Pour eux bien sûr, il ne s'agit que d'un "simple" anniversaire, déjà le vingtième, et ce compte rond pour arriver à 20 qui suscite un peu plus d'attention médiatique cette année ne change absolument rien, les hommages, les cérémonies "aussi sobres que d'habitude", le deuil ne différent pas des autres années, ni des autres jours. Et pourtant, la douleur est toujours présente, la "colère" toujours forte. Karine Grimaldi et Paul Calassi se battent encore pour que le coût élevé de leurs traitements et interventions continue d'être pris en charge par le fonds spécial destiné aux victimes, et partiellement remboursé par la CPAM comme une "simple" autre maladie ou handicap.
Lors des deux procès, en correctionnelle puis en appel, en 1995, la fureur de beaucoup de proches de victimes avait accueilli des peines et condamnations selon eux insuffisamment lourdes, et de manière générale tous avaient déploré ne pas avoir su "la vérité". La "double billetterie", pensée par certains dirigeants du club et estimée à 2 millions de francs à l'époque, n'a jamais été retrouvée. Et le président du club au moment des faits, Jean-François Filippi, a été assassiné devant son domicile en décembre 1994.

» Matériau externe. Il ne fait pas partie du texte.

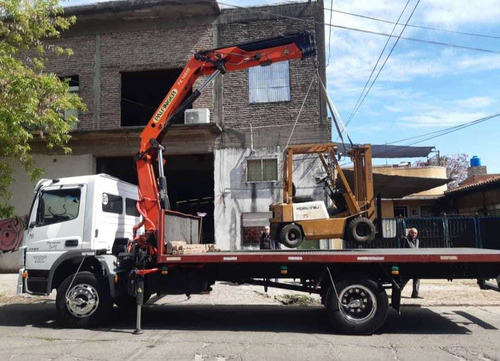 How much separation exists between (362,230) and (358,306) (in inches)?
117

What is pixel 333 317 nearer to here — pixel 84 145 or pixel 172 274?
pixel 172 274

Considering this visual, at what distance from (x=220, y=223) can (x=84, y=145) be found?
606cm

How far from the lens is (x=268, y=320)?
8.88 meters

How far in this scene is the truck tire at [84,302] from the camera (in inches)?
319

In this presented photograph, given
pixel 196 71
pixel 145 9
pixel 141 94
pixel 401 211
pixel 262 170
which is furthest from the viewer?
pixel 401 211

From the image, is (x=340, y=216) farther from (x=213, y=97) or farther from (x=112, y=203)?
(x=213, y=97)

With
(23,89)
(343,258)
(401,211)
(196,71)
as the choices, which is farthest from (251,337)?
(401,211)

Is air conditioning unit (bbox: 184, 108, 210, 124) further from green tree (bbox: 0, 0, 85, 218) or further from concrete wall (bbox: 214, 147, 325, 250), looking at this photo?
green tree (bbox: 0, 0, 85, 218)

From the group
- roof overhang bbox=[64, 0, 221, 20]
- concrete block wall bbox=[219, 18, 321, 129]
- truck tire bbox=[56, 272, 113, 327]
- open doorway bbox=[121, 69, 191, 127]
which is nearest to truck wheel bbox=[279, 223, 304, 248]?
truck tire bbox=[56, 272, 113, 327]

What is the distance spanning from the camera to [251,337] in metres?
7.44

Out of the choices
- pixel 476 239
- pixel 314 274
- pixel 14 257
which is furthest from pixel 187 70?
pixel 476 239

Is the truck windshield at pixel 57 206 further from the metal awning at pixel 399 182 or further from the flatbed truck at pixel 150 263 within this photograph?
the metal awning at pixel 399 182

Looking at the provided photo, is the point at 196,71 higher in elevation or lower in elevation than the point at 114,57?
lower

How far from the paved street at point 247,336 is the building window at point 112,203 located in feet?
7.28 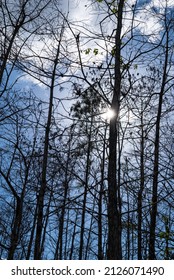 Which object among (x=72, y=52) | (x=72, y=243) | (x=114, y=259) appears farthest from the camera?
(x=72, y=243)

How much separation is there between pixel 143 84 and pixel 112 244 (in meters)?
5.92

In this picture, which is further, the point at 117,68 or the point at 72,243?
the point at 72,243

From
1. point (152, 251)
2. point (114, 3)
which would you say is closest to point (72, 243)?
point (152, 251)

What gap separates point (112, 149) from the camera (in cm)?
305

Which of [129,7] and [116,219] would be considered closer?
[116,219]

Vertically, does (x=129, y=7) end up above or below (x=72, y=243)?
above

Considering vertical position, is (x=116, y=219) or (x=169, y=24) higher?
(x=169, y=24) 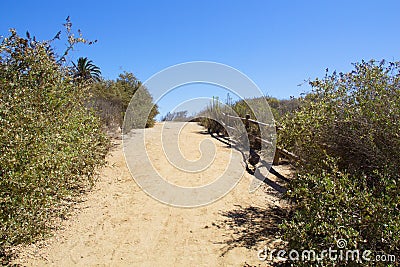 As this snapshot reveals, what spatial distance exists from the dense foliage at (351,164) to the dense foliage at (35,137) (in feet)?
9.20

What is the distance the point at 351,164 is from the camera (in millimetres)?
3348

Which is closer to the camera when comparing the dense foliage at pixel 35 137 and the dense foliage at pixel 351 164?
the dense foliage at pixel 351 164

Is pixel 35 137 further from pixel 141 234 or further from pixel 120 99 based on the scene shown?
pixel 120 99

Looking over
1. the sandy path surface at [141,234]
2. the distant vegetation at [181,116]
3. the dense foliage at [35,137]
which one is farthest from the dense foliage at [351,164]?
the distant vegetation at [181,116]

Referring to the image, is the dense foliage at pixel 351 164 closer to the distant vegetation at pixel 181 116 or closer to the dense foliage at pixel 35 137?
the dense foliage at pixel 35 137

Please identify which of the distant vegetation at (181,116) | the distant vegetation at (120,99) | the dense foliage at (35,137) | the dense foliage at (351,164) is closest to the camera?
the dense foliage at (351,164)

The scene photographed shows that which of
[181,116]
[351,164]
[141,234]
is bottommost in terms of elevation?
[141,234]

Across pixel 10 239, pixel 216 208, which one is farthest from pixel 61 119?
pixel 216 208

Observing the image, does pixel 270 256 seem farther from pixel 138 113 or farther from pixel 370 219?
pixel 138 113

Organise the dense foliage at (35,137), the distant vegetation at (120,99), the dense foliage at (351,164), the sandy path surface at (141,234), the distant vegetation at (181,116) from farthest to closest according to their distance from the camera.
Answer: the distant vegetation at (181,116) < the distant vegetation at (120,99) < the sandy path surface at (141,234) < the dense foliage at (35,137) < the dense foliage at (351,164)

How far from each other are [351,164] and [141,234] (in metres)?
2.99

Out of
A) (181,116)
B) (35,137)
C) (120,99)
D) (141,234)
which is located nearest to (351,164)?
(141,234)

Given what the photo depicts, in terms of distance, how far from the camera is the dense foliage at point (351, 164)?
245cm

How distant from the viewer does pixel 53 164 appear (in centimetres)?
363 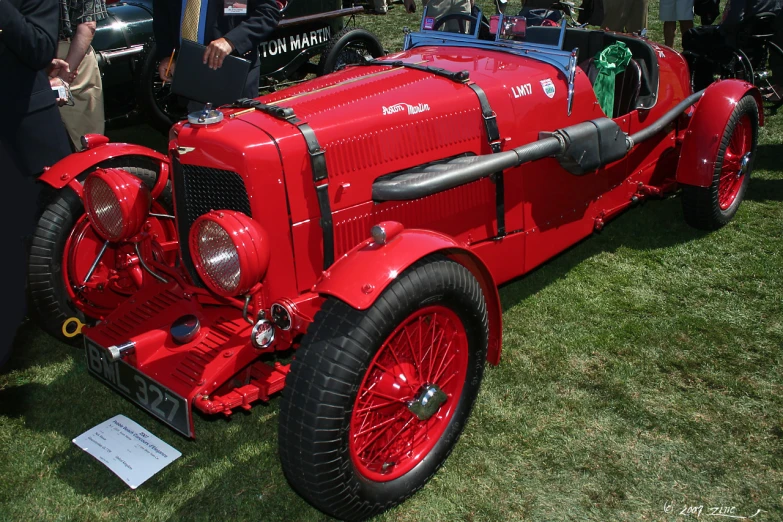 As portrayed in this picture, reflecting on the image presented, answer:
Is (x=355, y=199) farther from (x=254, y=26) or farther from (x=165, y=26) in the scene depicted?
(x=165, y=26)

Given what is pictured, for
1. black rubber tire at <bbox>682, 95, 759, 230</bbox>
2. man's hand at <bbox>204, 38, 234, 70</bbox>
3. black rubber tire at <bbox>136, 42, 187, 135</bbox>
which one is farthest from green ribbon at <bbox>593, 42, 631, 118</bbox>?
black rubber tire at <bbox>136, 42, 187, 135</bbox>

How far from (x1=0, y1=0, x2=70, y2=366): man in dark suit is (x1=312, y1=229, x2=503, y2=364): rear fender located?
5.46ft

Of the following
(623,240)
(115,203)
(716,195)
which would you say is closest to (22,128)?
(115,203)

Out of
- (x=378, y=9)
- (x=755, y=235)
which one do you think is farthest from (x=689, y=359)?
(x=378, y=9)

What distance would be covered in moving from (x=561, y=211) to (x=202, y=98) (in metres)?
2.07

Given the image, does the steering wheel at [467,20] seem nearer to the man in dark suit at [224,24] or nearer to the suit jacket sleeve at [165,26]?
the man in dark suit at [224,24]

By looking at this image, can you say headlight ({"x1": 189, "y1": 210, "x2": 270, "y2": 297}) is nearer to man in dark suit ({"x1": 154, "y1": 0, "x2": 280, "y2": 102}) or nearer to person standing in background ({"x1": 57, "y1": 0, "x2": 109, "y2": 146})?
man in dark suit ({"x1": 154, "y1": 0, "x2": 280, "y2": 102})

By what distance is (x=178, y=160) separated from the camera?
10.2 ft

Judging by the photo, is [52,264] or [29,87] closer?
[52,264]

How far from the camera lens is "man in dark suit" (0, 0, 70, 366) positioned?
328 centimetres

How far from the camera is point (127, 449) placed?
315 centimetres

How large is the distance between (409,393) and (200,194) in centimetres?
127

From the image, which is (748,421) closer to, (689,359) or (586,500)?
(689,359)

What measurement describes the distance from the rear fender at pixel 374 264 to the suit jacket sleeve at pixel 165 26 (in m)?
2.53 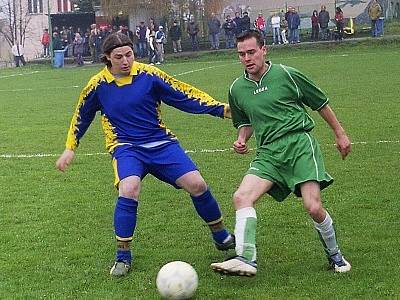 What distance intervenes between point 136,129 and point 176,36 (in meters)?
37.3

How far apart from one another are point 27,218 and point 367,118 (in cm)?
834

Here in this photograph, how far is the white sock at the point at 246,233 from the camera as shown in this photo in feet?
19.2

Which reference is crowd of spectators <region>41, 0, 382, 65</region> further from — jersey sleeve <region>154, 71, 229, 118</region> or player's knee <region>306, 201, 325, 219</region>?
player's knee <region>306, 201, 325, 219</region>

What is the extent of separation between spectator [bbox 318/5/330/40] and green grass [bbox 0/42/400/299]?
2493 centimetres

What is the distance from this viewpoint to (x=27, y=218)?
862 centimetres

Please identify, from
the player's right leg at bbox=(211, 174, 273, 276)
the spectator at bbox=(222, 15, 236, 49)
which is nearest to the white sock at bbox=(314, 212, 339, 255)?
the player's right leg at bbox=(211, 174, 273, 276)

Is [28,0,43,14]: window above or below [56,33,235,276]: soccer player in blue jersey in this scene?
above

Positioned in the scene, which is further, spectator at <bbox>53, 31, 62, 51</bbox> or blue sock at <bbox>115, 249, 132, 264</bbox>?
spectator at <bbox>53, 31, 62, 51</bbox>

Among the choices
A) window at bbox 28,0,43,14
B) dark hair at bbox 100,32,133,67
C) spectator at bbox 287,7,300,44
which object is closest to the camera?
dark hair at bbox 100,32,133,67

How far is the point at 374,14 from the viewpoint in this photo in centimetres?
3984

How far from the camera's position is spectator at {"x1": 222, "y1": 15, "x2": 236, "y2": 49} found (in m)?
41.3

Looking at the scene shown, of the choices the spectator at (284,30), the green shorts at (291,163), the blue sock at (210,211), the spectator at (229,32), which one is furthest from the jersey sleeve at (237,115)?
the spectator at (284,30)

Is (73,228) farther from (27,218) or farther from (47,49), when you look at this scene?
(47,49)

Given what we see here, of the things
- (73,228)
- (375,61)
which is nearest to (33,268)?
(73,228) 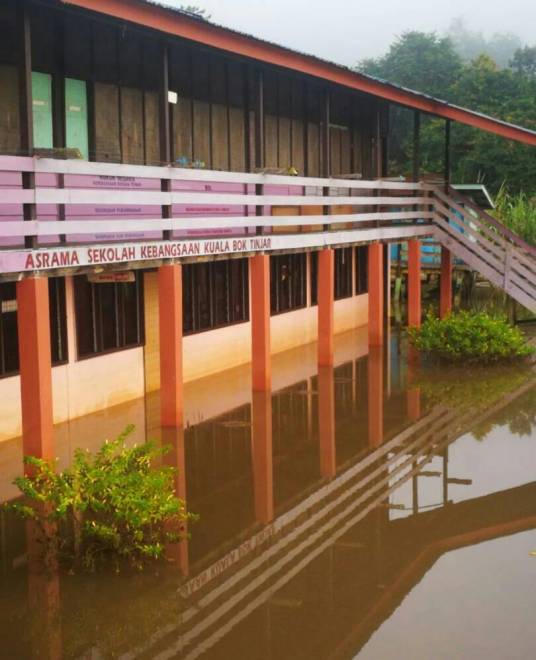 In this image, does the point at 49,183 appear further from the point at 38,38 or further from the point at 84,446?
the point at 84,446

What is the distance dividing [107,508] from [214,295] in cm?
1137

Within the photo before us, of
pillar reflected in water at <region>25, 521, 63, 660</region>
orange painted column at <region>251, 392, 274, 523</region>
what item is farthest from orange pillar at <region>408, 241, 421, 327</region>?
pillar reflected in water at <region>25, 521, 63, 660</region>

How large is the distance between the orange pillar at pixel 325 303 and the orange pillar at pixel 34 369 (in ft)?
31.4

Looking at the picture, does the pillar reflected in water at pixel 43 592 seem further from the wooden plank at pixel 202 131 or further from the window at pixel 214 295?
the wooden plank at pixel 202 131

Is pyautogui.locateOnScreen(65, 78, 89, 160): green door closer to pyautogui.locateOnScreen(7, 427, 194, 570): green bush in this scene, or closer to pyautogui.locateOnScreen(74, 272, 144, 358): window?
pyautogui.locateOnScreen(74, 272, 144, 358): window

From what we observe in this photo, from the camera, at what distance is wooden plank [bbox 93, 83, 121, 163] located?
16.0 metres

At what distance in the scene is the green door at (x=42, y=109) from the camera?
14578 mm

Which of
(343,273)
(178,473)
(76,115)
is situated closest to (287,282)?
(343,273)

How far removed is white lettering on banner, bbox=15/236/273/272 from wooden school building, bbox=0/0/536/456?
0.03 m

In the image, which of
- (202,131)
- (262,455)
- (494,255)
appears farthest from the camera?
(494,255)

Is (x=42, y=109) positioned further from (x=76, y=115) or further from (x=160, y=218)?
(x=160, y=218)

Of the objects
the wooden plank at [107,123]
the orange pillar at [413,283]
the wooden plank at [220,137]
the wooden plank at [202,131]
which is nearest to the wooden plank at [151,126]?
the wooden plank at [107,123]

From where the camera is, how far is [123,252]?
12992mm

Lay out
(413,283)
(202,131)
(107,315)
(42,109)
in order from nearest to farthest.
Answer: (42,109)
(107,315)
(202,131)
(413,283) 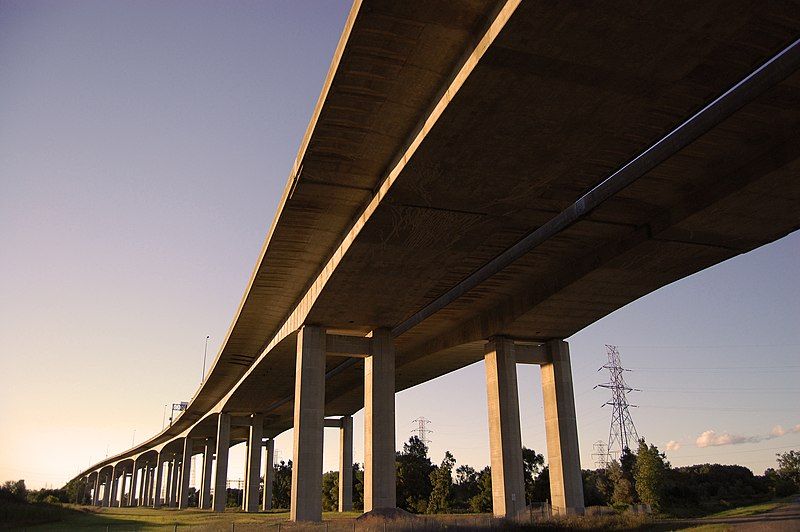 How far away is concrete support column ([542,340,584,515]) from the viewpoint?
3647 cm

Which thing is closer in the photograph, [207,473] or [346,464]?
[346,464]

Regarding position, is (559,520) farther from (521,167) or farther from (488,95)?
(488,95)

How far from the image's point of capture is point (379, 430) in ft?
111

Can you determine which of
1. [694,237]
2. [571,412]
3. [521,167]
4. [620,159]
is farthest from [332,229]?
[571,412]

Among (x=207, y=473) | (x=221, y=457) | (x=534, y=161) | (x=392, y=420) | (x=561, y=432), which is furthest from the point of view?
(x=207, y=473)

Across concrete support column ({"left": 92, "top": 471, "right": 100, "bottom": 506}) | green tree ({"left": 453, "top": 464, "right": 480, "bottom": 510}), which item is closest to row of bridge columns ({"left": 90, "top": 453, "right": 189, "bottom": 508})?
concrete support column ({"left": 92, "top": 471, "right": 100, "bottom": 506})

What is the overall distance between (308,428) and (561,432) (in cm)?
1441

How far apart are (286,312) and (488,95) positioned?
2524 centimetres

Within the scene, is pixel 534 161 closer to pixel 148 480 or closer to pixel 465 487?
pixel 465 487

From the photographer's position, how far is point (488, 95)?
51.5ft

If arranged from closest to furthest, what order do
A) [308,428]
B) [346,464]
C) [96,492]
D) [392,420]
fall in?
[308,428], [392,420], [346,464], [96,492]

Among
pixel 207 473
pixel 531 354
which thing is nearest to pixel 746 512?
pixel 531 354

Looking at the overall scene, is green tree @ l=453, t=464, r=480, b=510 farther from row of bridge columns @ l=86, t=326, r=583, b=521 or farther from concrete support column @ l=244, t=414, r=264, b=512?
row of bridge columns @ l=86, t=326, r=583, b=521

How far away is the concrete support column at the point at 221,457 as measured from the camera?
69.5 m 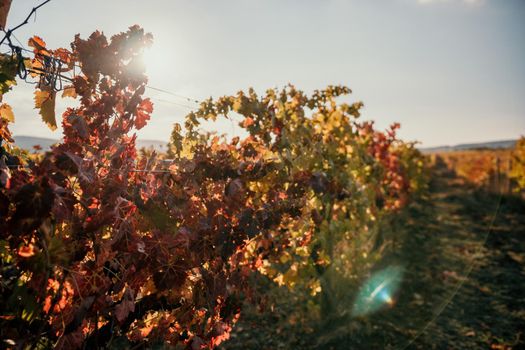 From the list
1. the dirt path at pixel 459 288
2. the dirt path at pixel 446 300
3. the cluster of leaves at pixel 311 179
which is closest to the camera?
the cluster of leaves at pixel 311 179

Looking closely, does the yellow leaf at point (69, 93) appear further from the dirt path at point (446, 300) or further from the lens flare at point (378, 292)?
the lens flare at point (378, 292)

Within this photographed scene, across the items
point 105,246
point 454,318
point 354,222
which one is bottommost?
point 454,318

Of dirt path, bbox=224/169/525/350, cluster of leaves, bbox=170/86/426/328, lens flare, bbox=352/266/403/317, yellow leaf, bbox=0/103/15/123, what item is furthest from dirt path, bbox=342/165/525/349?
yellow leaf, bbox=0/103/15/123

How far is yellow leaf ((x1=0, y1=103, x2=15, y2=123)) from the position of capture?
7.02ft

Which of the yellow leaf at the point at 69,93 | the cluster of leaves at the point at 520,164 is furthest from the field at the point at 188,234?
the cluster of leaves at the point at 520,164

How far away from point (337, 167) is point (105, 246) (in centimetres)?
343

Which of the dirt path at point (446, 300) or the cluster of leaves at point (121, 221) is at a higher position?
the cluster of leaves at point (121, 221)

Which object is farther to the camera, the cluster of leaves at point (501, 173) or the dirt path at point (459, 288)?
the cluster of leaves at point (501, 173)

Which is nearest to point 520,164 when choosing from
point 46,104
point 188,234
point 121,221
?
point 188,234

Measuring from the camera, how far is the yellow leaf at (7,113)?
2141mm

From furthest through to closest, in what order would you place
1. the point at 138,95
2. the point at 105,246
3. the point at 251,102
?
1. the point at 251,102
2. the point at 138,95
3. the point at 105,246

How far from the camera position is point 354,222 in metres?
5.97

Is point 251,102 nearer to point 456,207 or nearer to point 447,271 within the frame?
point 447,271

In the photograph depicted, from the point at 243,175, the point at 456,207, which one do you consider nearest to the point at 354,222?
the point at 243,175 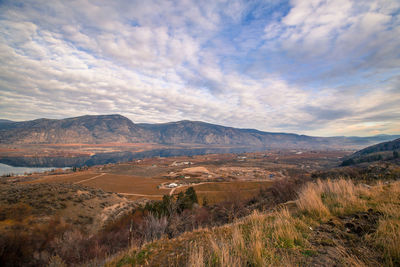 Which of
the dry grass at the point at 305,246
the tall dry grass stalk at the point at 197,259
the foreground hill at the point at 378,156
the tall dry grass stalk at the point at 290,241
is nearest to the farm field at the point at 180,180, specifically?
the foreground hill at the point at 378,156

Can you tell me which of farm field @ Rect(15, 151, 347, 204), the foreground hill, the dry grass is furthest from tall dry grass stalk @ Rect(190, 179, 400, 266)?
the foreground hill

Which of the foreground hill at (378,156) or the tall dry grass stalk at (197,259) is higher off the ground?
the tall dry grass stalk at (197,259)

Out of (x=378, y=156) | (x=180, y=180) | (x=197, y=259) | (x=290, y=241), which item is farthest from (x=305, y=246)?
(x=378, y=156)

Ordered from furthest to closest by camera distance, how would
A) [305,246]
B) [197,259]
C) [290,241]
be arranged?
1. [290,241]
2. [305,246]
3. [197,259]

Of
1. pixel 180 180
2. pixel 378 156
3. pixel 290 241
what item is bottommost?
pixel 180 180

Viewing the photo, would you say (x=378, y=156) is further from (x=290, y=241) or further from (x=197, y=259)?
(x=197, y=259)

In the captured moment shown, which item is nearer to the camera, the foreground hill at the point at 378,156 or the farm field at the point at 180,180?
the farm field at the point at 180,180

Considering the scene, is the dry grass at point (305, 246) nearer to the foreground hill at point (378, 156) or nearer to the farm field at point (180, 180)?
the farm field at point (180, 180)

Au-delà de ce vingtième anniversaire, la catastrophe de Furiani s'est invitée récemment dans l'actualité lorsque Lauda et Josepha Guidicelli, étudiantes, filles de Pierre-Jean, technicien à France Bleu Frequenza Mora qui a trouvé la mort dans ce drame, ont lancé une pétition fin 2011 pour refuser que soit jouée une journée du championnat de France le samedi 5 mai, pour rendre hommage aux victimes et ne pas fêter le football lors d'un tel anniversaire. Près de 40.000 personnes dont plusieurs personnalités du ballon rond l'ont signée. Si les instances du football français ont finalement décalé la soirée concerné, rien ne dit que la date du 5 mai ne sera plus utilisée dans le calendrier professionnel lors des prochaines années.
Comme un clin d'oeil au destin, dans cette île où rien n'est vraiment comme ailleurs et les passions souvent plus enflammées, le Sporting Club de Bastia - qui n'est pas passé loin de la disparition sportive en 2010 avec une rétrogradation en CFA, championnat de France amateur - jouera en ligue 1 la saison prochaine, une élite que le club a quittée il y a sept ans. Et si la plupart des personnes interrogées ne dressent aucun parallèle entre les deux événements et préfèrent y voir une simple "coïncidence", il est impossible à mesure que la date approche de ne pas ressentir une émotion différente, voire un frisson au stade de Furiani, dont les deux plus grandes tribunes sont aujourd'hui flambant neuves, mais une enceinte pas encore complètement en harmonie avec les normes exigées au plus haut niveau du football français.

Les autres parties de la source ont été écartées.